La grazia parziale ad Alaa Farraj è una notizia positiva per un ragazzo condannato a 30 anni per traffico di esseri umani e omicidio plurimo per quella che viene chiamata “La strage di ferragosto” avvenuta nel 2015. Il Presidente della Repubblica Sergio Mattarella ha concesso uno sconto di pena di undici anni e quattro mesi, che sommati ai dieci anni che ha già scontato gli dà la possibilità di accedere alla semilibertà. Quella di Alaa Farraj è una storia però che apre uno squarcio sul fenomeno del traffico di esseri umani, sul favoreggiamento e su come la giustizia italiana abbia messo in piedi una caccia alle streghe che negli ultimi 10 anni non ha colpito chi diceva di voler sgominare, gli scafisti, ma chi quel traffico lo subiva. Anche perché dovremmo chiederci perché un’organizzazione criminale dovrebbe perdere i propri uomini ad ogni viaggio, facendoli incarcerare. Facciamo però un passo indietro.
La caccia alle streghe: 1 ogni 600
Le indagini contro gli scafisti iniziano appena le persone toccano terra e seguono una procedura che arriva da un manuale della missione europea di pattugliamento “EUNAVFOR Med”, che suggerisce ai militari di osservare le dinamiche di gruppo a seguito del soccorso, perché gli scafisti “cercheranno di nascondersi tra i migranti quando l’imbarcazione è intercettata”. Questa è una pratica che dovrebbe essere solo l’inizio di un’indagine e che invece spesso si trasforma in quella caccia alle streghe fatta di interrogatori appena toccato terra e spesso senza una mediazione linguistica e culturale in grado di far capire all’interrogato cosa stia avvenendo veramente. 1 su 600 è la media delle persone arrestate negli ultimi anni in Italia durante le operazioni di sbarco.
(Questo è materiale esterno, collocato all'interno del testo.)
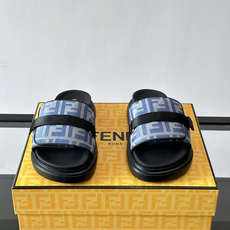 FEND*新款男士休闲拖鞋 真皮拼接老花牛仔面料真皮垫脚 加经典老花面印花 时尚稳重大气 鞋型非常包脚舒适 橡胶防 FEND*新款男士休闲拖鞋 真皮拼接老花牛仔面料真皮垫脚 加经典老花面印花 时尚稳重大气 鞋型非常包脚舒适 橡胶防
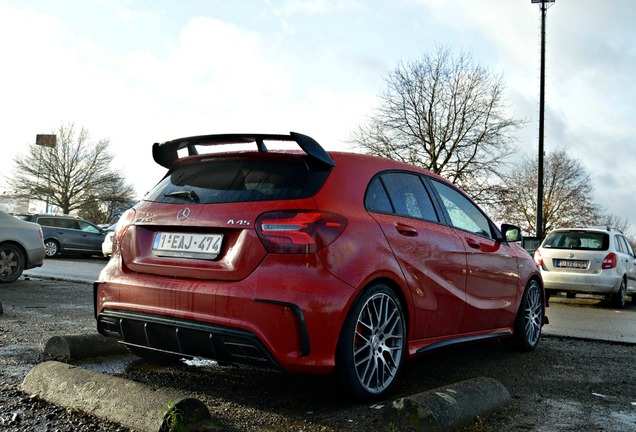 Mercedes-AMG A 45 W176 2015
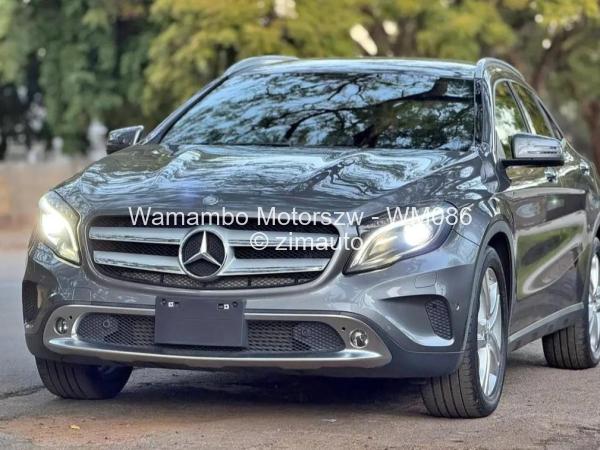 2016 - Mercedes Benz GLA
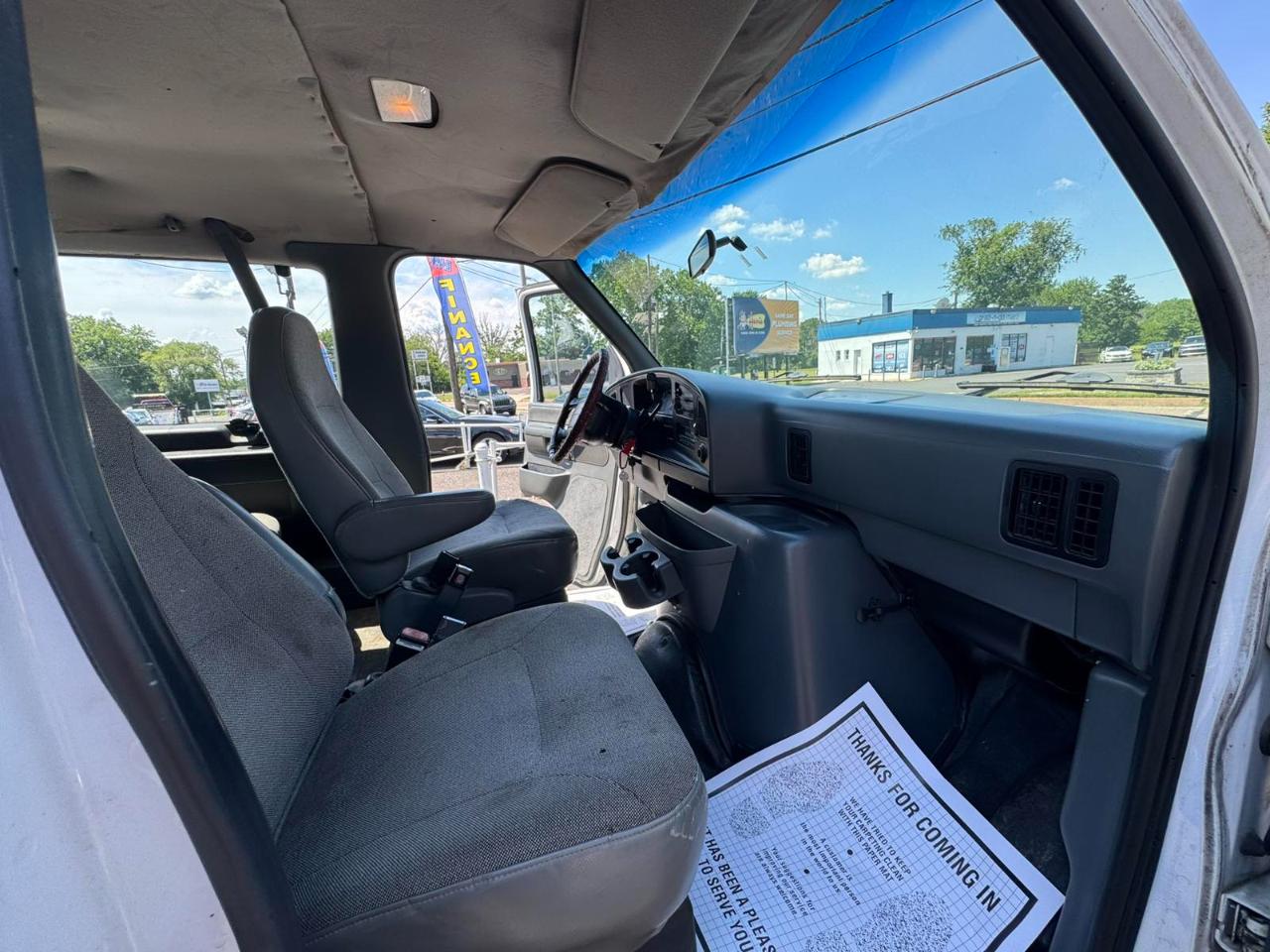 Ford Club Wagon Super 138" WB XL Plus 1996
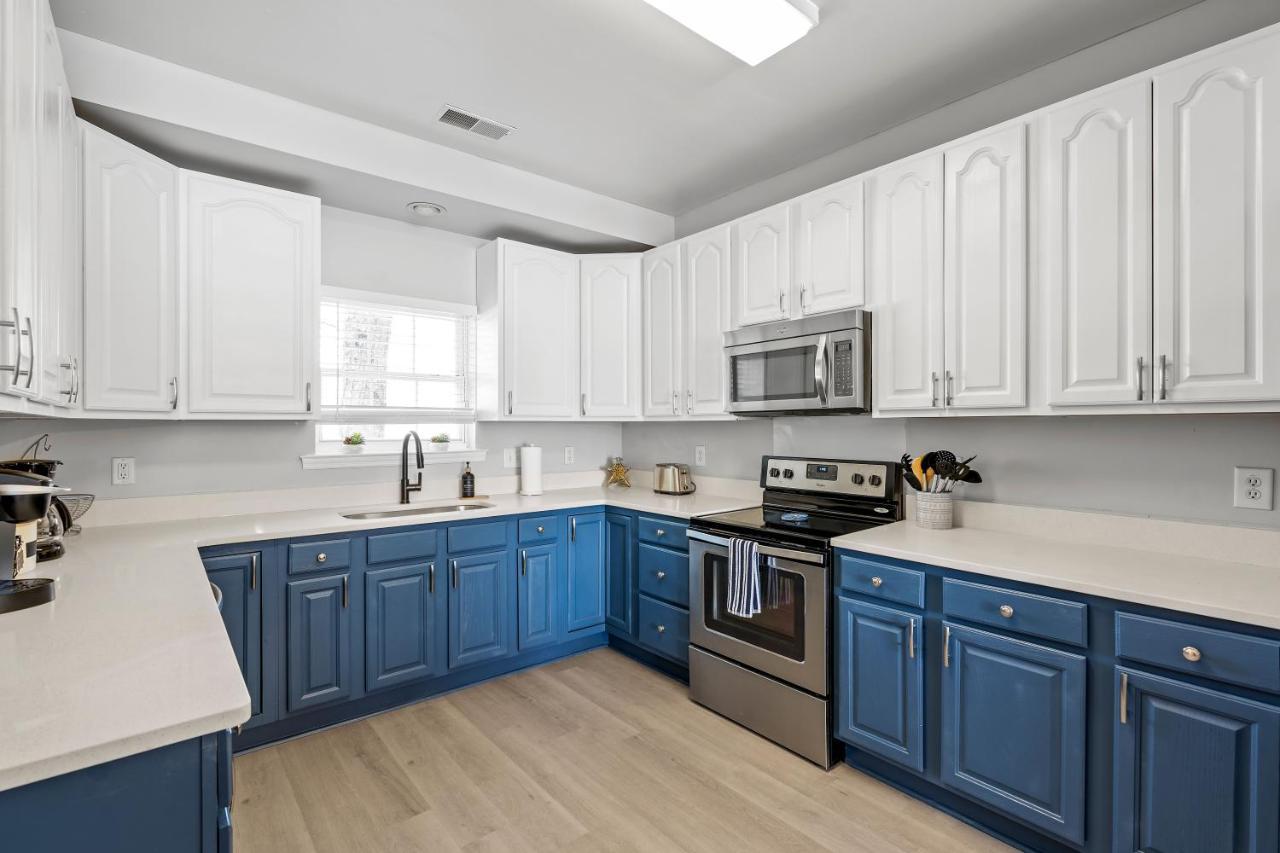 ☆Live On The Water! Lake Palmetto Palm W/ Patio - 10Min To Downtown & Beaches☆ Charleston Buitenkant foto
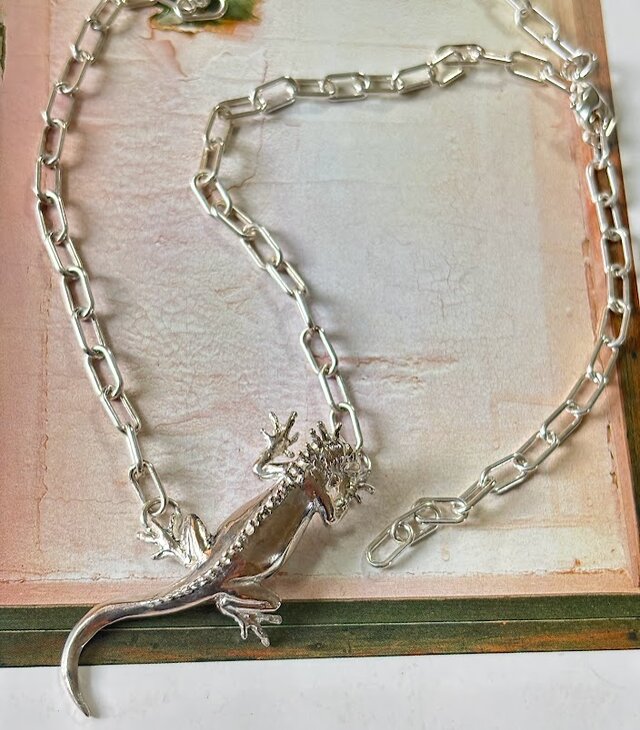 イグアナのロングネックレス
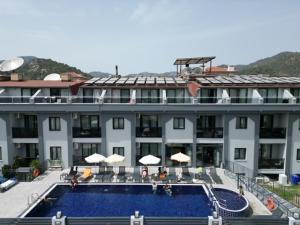 Бассейн в Ozturk Apart Hotel или поблизости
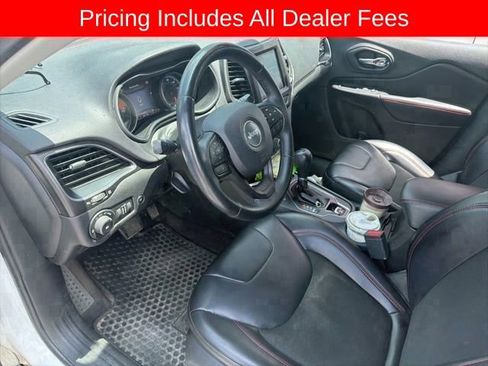 Used 2019 Jeep Cherokee Trailhawk w/ Comfort/Convenience Group AWD/4WD image 13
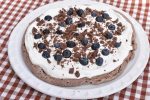 Chokolade pavlova opskrift - marengskage med bær & flødeskum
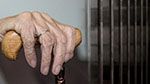 مسنّة تتعرّض للعنف من قبل سجينات.. وبناتها يُطالبْن بالإفراج عنها (فيديو)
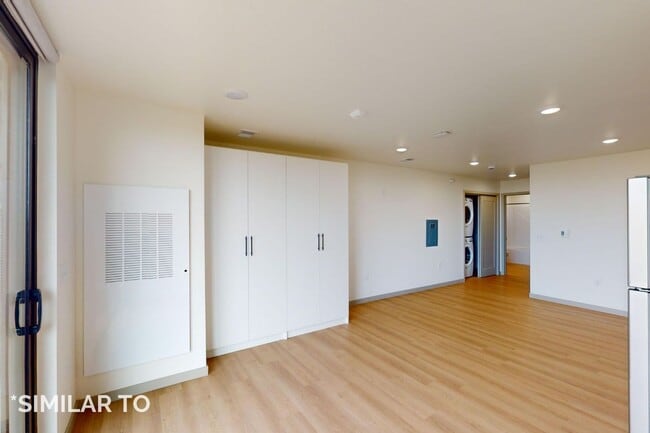 Interior Photo - Crooks Reserve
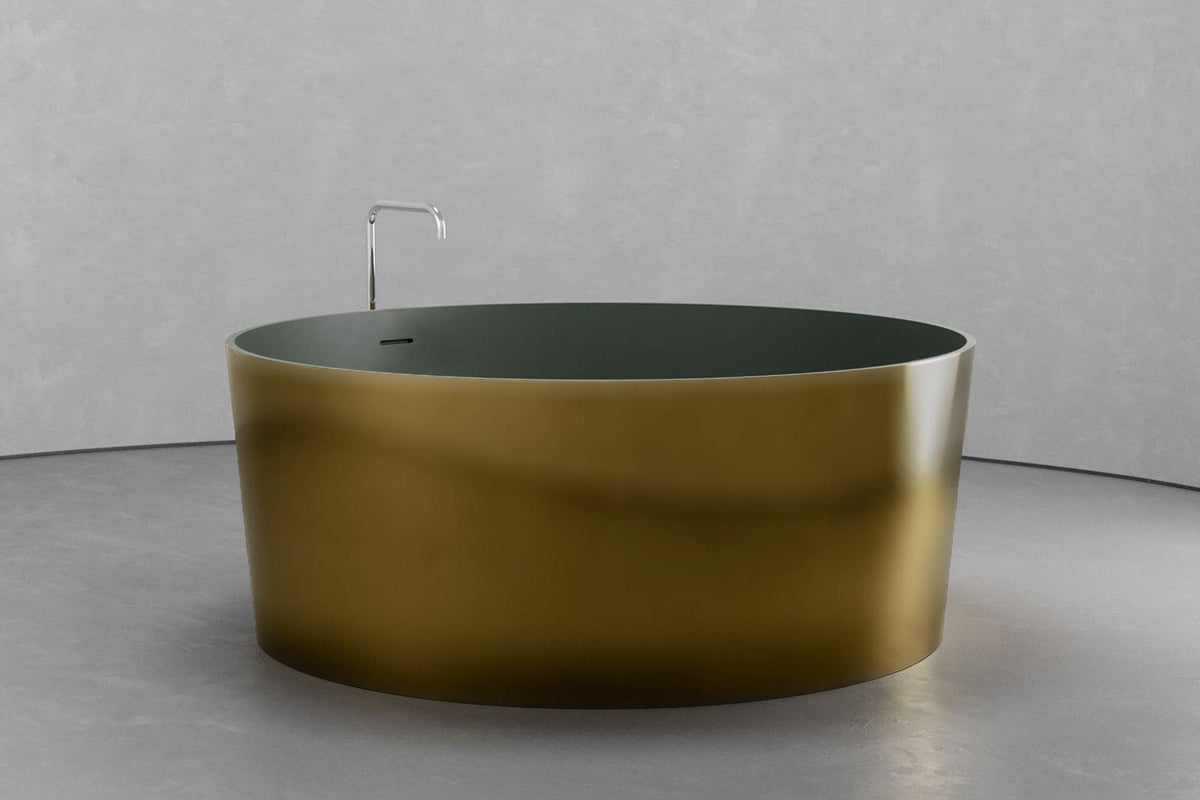 Freestanding round soaking tub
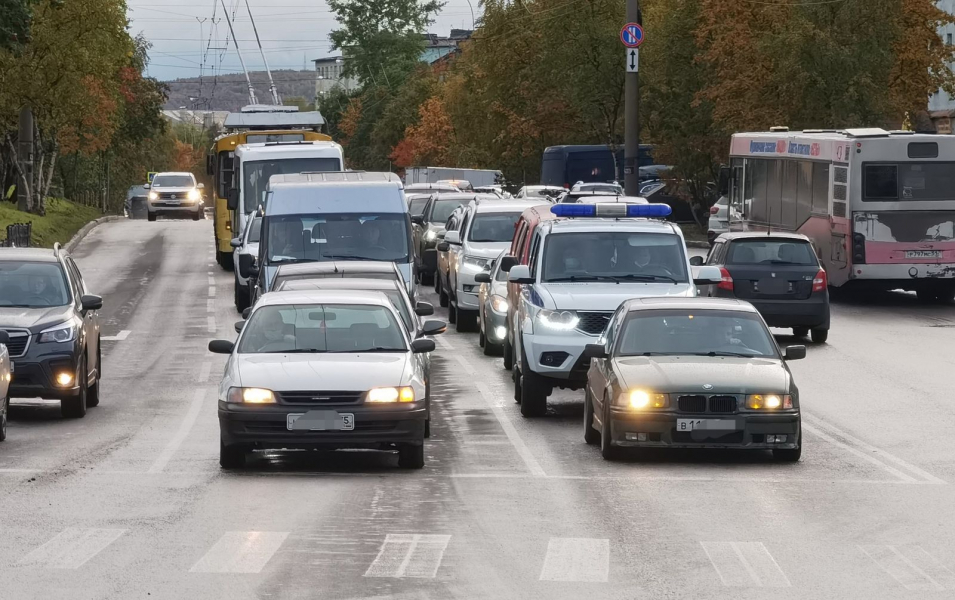 В Мурманске на Кольском проспекте перекроют движение машины
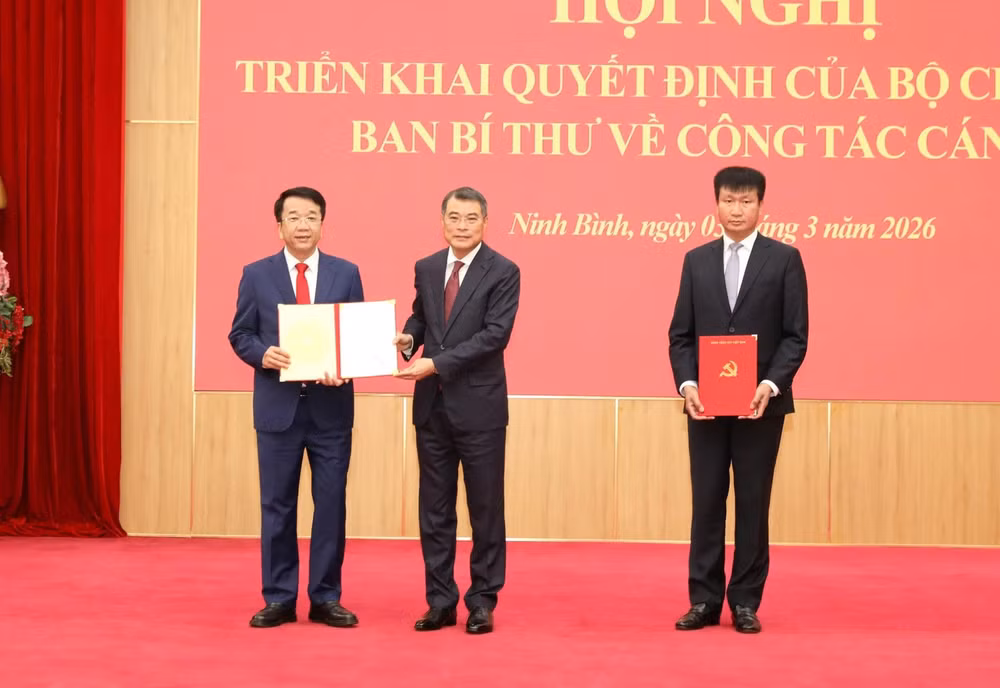 Ông Nguyễn Thanh Bình được giới thiệu để bầu làm Chủ tịch UBND tỉnh Ninh Bình ảnh 1 z7581812247796_4dd002bad97619eeff89928ee76a3e95.jpg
Da anni Arci Porco Rosso redige un report annuale con tutti i casi di accusa e condanna per traffico di esseri umani e le cifre parlano di 106 arrestati nel 2024, dato inferiore in termini assoluti agli anni precedenti ma superiore in proporzione: 177 nel 2023, 261 nel 2021, quando però il rapporto era di un arrestato ogni 800 persone arrivate in Italia.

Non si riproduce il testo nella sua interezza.